Synthetic carriers replicating this fusion mechanism could theoretically achieve near-complete delivery. But fusogenic carriers introduce a new problem: they fuse indiscriminately with any cell they contact, damaging healthy tissues alongside diseased ones. Attaching antibodies or other targeting molecules has shown limited success in restricting where fusion occurs.
What researchers have largely overlooked is the mechanical dimension of membrane fusion. Two lipid bilayers cannot merge without significant deformation. They must bend, form a connecting stalk, and open a pore. Each step requires overcoming an energy barrier that depends critically on membrane stiffness. Viruses exploit this physics during maturation by remodeling their lipid composition to reduce membrane rigidity, lowering the energy needed to merge with host cells. Research has shown that antiviral agents stiffening host cell membranes can block infection by raising this barrier.

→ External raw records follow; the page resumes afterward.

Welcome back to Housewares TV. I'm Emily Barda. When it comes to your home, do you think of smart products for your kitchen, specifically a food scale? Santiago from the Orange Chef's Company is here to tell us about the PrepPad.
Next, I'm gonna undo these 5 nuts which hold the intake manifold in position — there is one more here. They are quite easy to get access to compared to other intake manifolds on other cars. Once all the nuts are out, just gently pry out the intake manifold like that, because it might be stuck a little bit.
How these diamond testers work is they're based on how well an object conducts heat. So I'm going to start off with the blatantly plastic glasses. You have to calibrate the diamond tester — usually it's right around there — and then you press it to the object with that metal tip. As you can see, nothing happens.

Cancer cells have distinctly soft membranes. Their lipid bilayers contain elevated levels of unsaturated fatty acids, which introduce kinks in molecular chains and reduce packing density. This makes cancer cell membranes more fluid than those of healthy cells, including immune cells that patrol tissues.

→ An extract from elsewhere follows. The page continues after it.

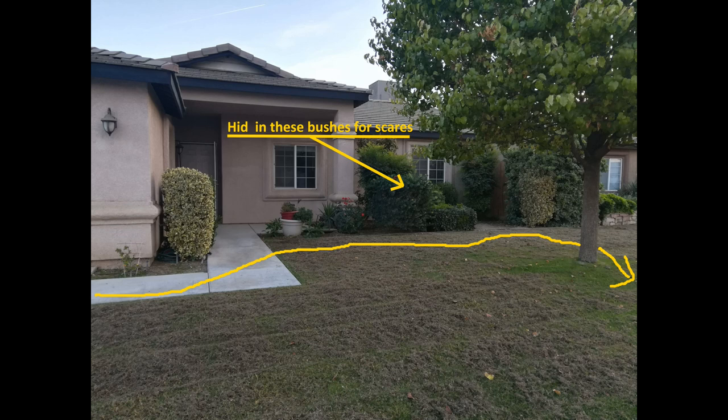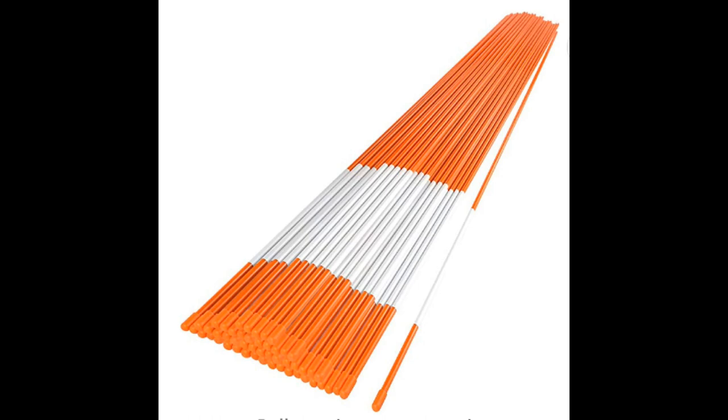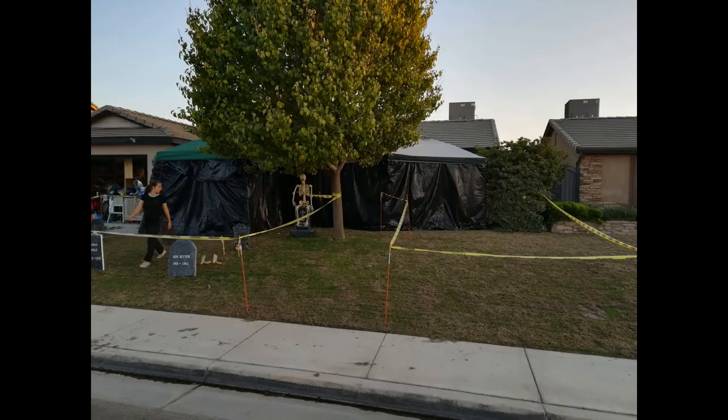Our very first haunt used orange driveway marking sticks — three or four feet long, available on Amazon cheap — and caution tape to create a path. We just made sure the path went right by where our scare was, whether behind a column, in the bushes, or someone standing in plain sight looking like a fake prop and then moving at the last minute. It can be as simple as that.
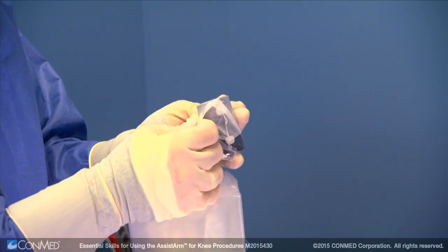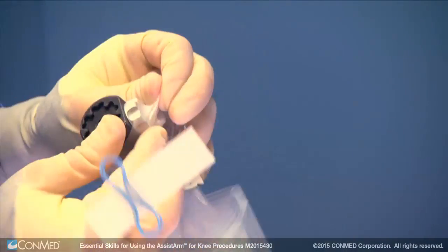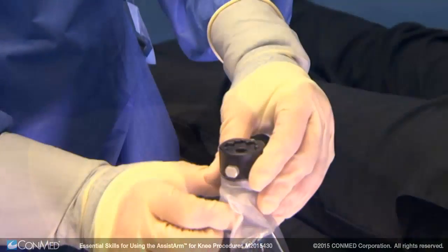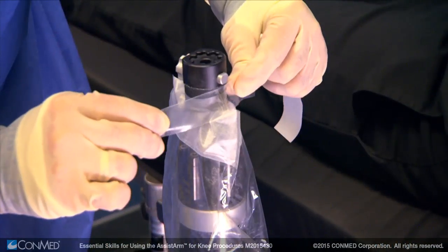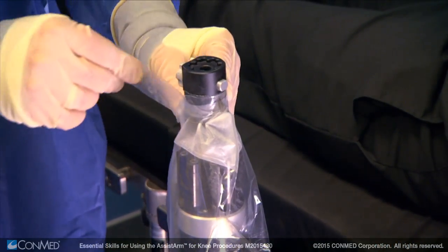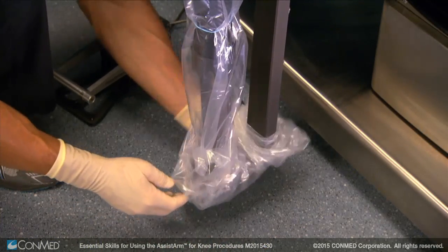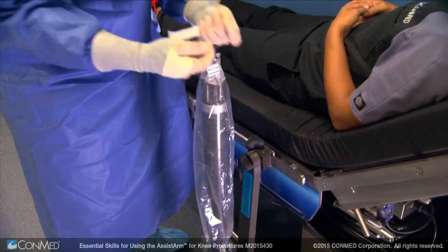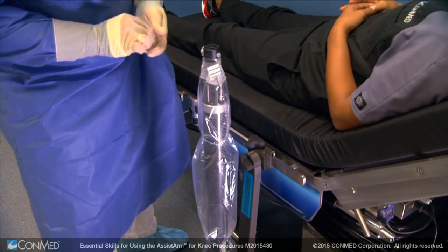A second way to drape the Assist Arm while in the sterile field is to first insert the connector into the small tapered rubber hole of the drape until it rests in between the two silver buttons of the connector. Then install the connector to the Assist Arm and give the connector a slight tug to make sure it has installed properly. Next, wrap the provided tape around the sterile drape and connector. Pull the sterile drape down the telescoping arm and place it around the lower ball joint, then place the provided sterile rubber bands around the telescoping arm to secure the drape to the positioner.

A research article published in Advanced Materials (“Stiffness‐Gated Cytoplasmic mRNA Delivery Through Engineered Membrane Fusion for Breast Cancer Immunotherapy”) by investigators at Xidian University in China leverages this mechanical difference for selective mRNA delivery. The team engineered nanoparticles that fuse preferentially with soft cancer cell membranes while failing to fuse with stiffer healthy cells. When these particles encounter rigid membranes, cells absorb them through conventional endocytosis and the cargo degrades. The system transforms what was previously a drawback into a built-in safety mechanism.

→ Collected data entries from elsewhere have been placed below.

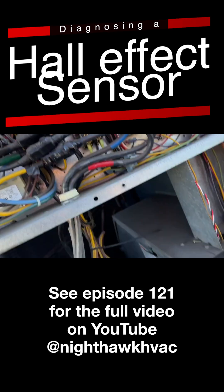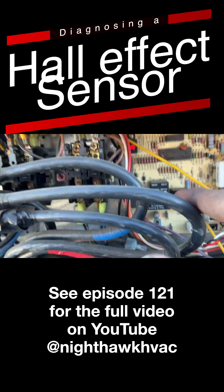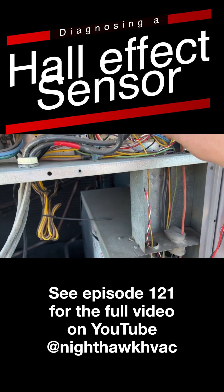Six flashes is inducer draft motor fault. Obviously it's not faulted — it's running. What we have is these three wires here, and they run up into here, connected to the board. It's what's called a hall effect sensor, so it actually detects the magnetic field created by that inducer running. We're going to go ahead and test this.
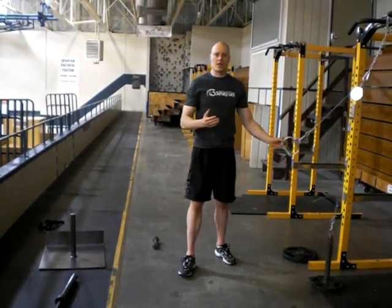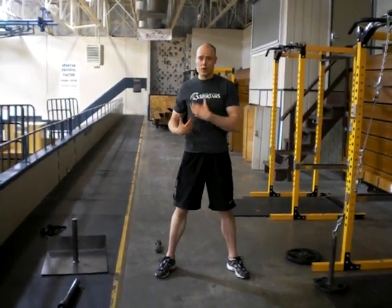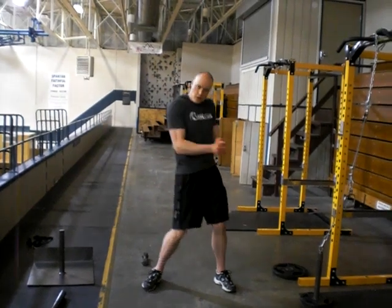So this is an anti-rotation exercise. The weight is going to want to push you away — using your abs, your trunk, your shoulders, everything is resisting that rotation. If you have the luxury, standing in front of a mirror is great because you can make sure that you're nice and symmetrical, you know, no weird twisting happening in your body. And you're good to go. Enjoy.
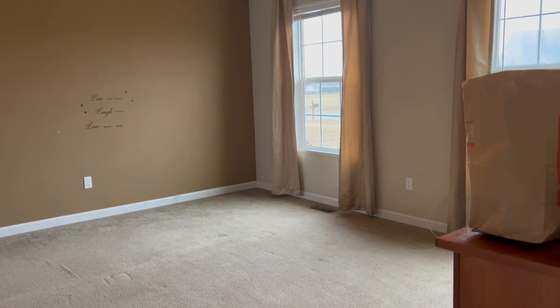If you guys want to see how I got this bedroom looking like this when it used to look like this, just keep watching.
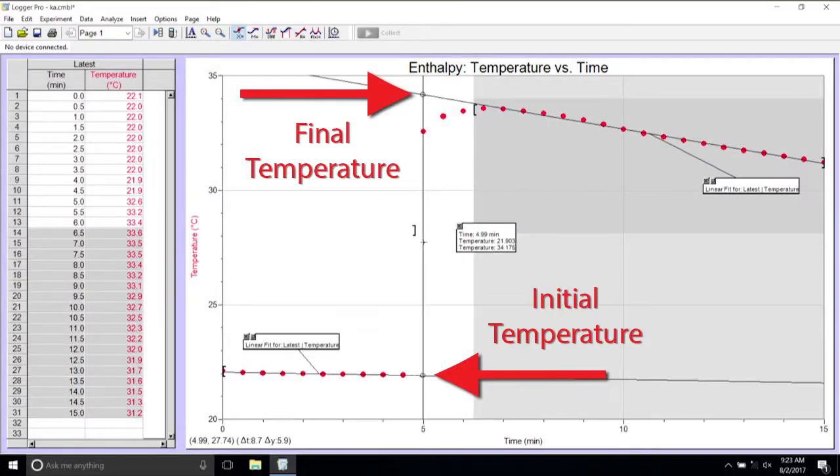Follow the directions in your lab manual to find the initial and final temperature. After you record the temperatures on your datasheet, reset the program for trial 2. The temperature change for all three trials is averaged and used to get the heat, or Q, gained by the water. Follow the calculations to get from there to the enthalpy of hydration. Remember to arrive on time to lab with your completed pre-lab assignment and lab gear, and don't forget to take your pre-lab quiz. Have fun in lab today!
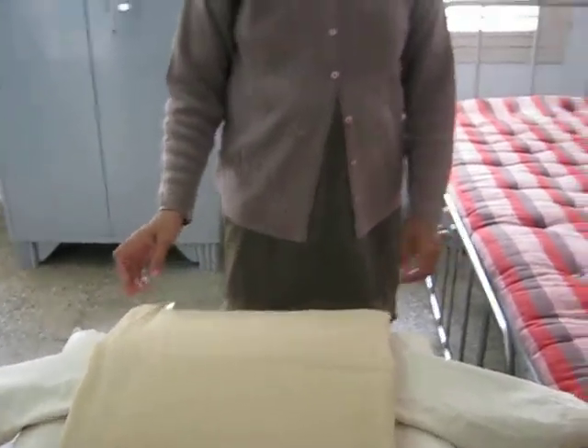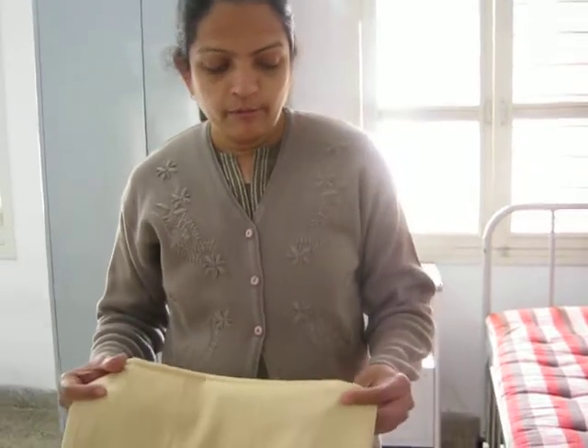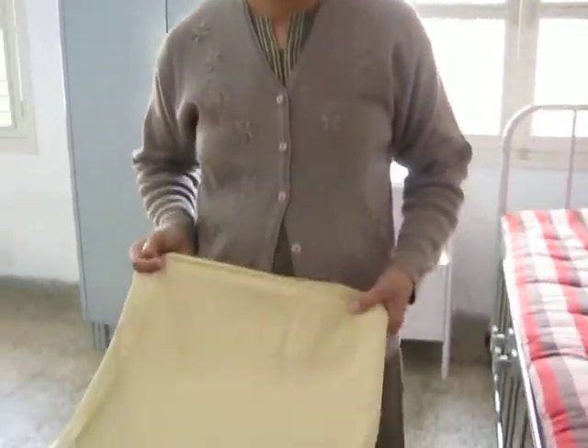I am going to show you the open bed. An open bed is prepared for the patient who is ambulant. For that we require two bed sheets, one mackintosh, draw sheet, pillow and pillow cover. Basic things like the bed and mattress are already available in the hospital.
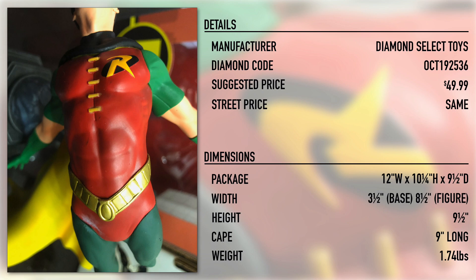As for the figure itself, Robin is 8 and a half inches long with a cape that is 9 inches in length. The base is 3 and a half inches wide, and the whole piece is 9 and a half inches high. It weighs a paltry 1.74 pounds.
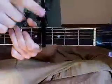Today I'm going to do a how-to-play video for Milk Thistle by Conroe Burst and the Mystic Valley Band. To play Milk Thistle you're going to need a capo on the 4th fret.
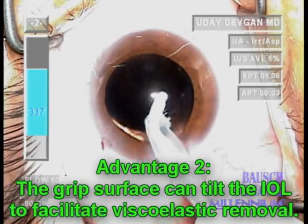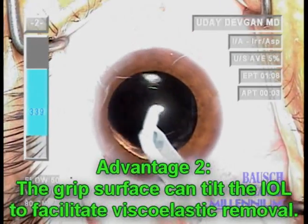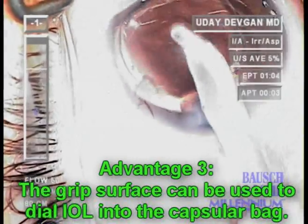We can also use this grip surface to tilt the IOL to help with viscoelastic removal. This same grippy surface can then be used to dial in the IOL into the capsular bag.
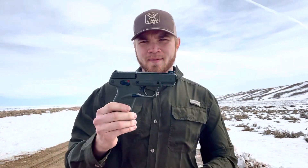Hey guys, it's Steven with Steven Hall Outdoors and today we're going to be doing a quick review on the Kel-Tec P17.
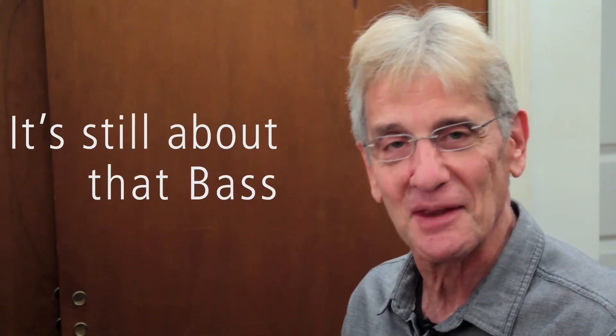Hi, I'm Peter Sklar. Welcome to One Minute Piano Lessons. Today's session is called It's Still About That Bass. I'd like to pick up where I left off when I was demonstrating the rhythm and the bass for soul music, where you had them jumping that second beat.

(a) PGC@FM is synthesized stepwise: p53-mRNA binds G0-C14 via electrostatic interaction to form GC nanoparticles. These and PLGA are cross-linked by emulsification–solvent evaporation to make PGC particles, which are then functionalized with either native 4T1 cell membranes (4T1-CM) or 4% glycerol-modified fusion membranes (4T1-FM) to form PGC@M or PGC@FM, respectively, integrating gene loading, polymer encapsulation, and targeted modification. (b) PGC@FM achieves tumor-specific delivery via biomechanically enhanced membrane fusion. It binds 4T1 cells via adhesion molecules and homing proteins. Its low-stiffness membrane with unsaturated fatty acids promotes fusion by increasing lipid interaction sites and reducing the fusion energy barrier, delivering p53-mRNA to suppress tumors. Non-targeted particles are endocytosed and degraded by lysosomes, minimizing off-target effects. (Image: Reproduced with permission from Wiley-VCH Verlag) (click on image to enlarge)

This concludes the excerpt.